As pointed out by BT at very early stage back in March, India is not adequately equipped with health infrastructure and logistics to face a deluge of COVID-19 infections. Sadly, that is exactly what is happening in India right now. The number of COVID-19 increased by 28,498 in the past 24 hours taking the national figure of COVID-19 infections to almost 1 million infections – 906,752 to be precise, according to the US based and world leader website of Johns Hopkins Unversity’s Coronavirus centre.
India is now sitting at number three on the top of the worst-affected country in terms of infections, only behind the United States and Brazil.
The infections have increased by 100,000 in four days. The total death toll of COVID-19 stands at 23, 277, including 553 deaths in the last 24 hours.
Those who find the deaths number somewhat ‘acceptable’ despite 1 million infections, say that the ratio of deaths compared to infections, is not all that bad. They compare Indian death toll with that of Brazil where we have just above the double of infections – 1, 926, 824 infections and far more than three times as many deaths -74, 133. Also in the case of United States, the infection numbers are 3, 413,574 just over 3.5 times and the number of deaths is far greater – sitting at 136,466 which is almost six times that of India’s.

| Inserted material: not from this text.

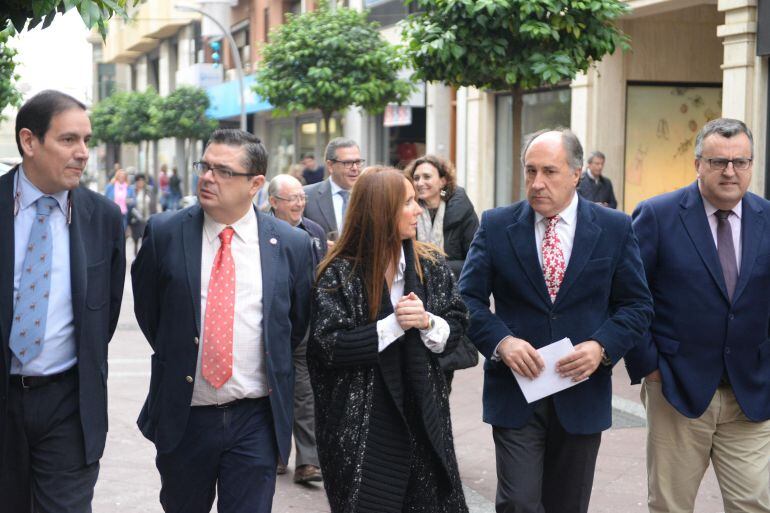 Fernando Villatoro, junto a dirigentes políticos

Some experts believe India’s practice of vaccinating the general population with BCG strains to protect them against childhood tuberculosis – may be one reason for its population to cope better fighting the virus despite the 1 million infections. Others believe the weather – It is summer in India right now – is also a factor in people not developing as many complications.
But the situation is grim and getting worse and India is no longer under nationwide lockdown.

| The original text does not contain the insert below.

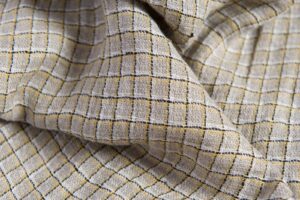 Grått linstoff med gule ruter, vasket 8 Grått linstoff med gule ruter, vasket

Eight of India’s 28 states account for nearly 90 per cent of infections. The states of Maharashtra, Tamil Nadu and New Delhi are the worst hit states.

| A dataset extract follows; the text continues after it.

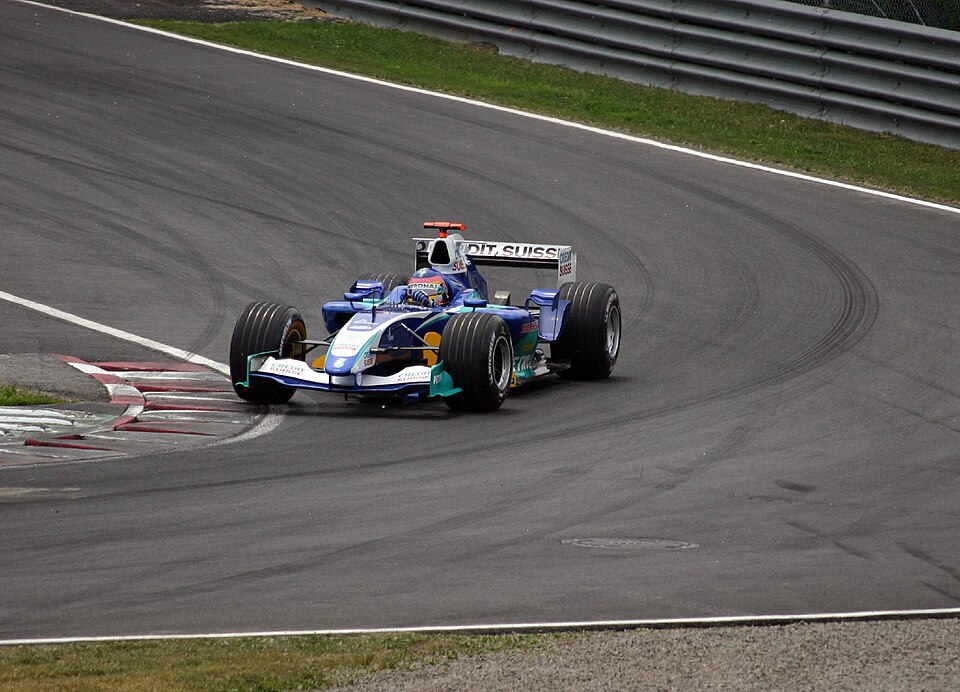 File:Villeneuve Canada 2005.jpg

The rising cases of infections have prompted some local authorities to reimpose partial lockdowns during which only essentials including grocery and milk vendors, doctors’ clinics, chemist shops and emergency services are allowed open.
‘The life is back to normal – ‘new normal’ with social distancing, using masks & hand sanitizers and working remotely if possible – is the way to start making a contribution to our economy as advised by Modiji’ Rajendra Bansal told BT over the phone from Chandigarh.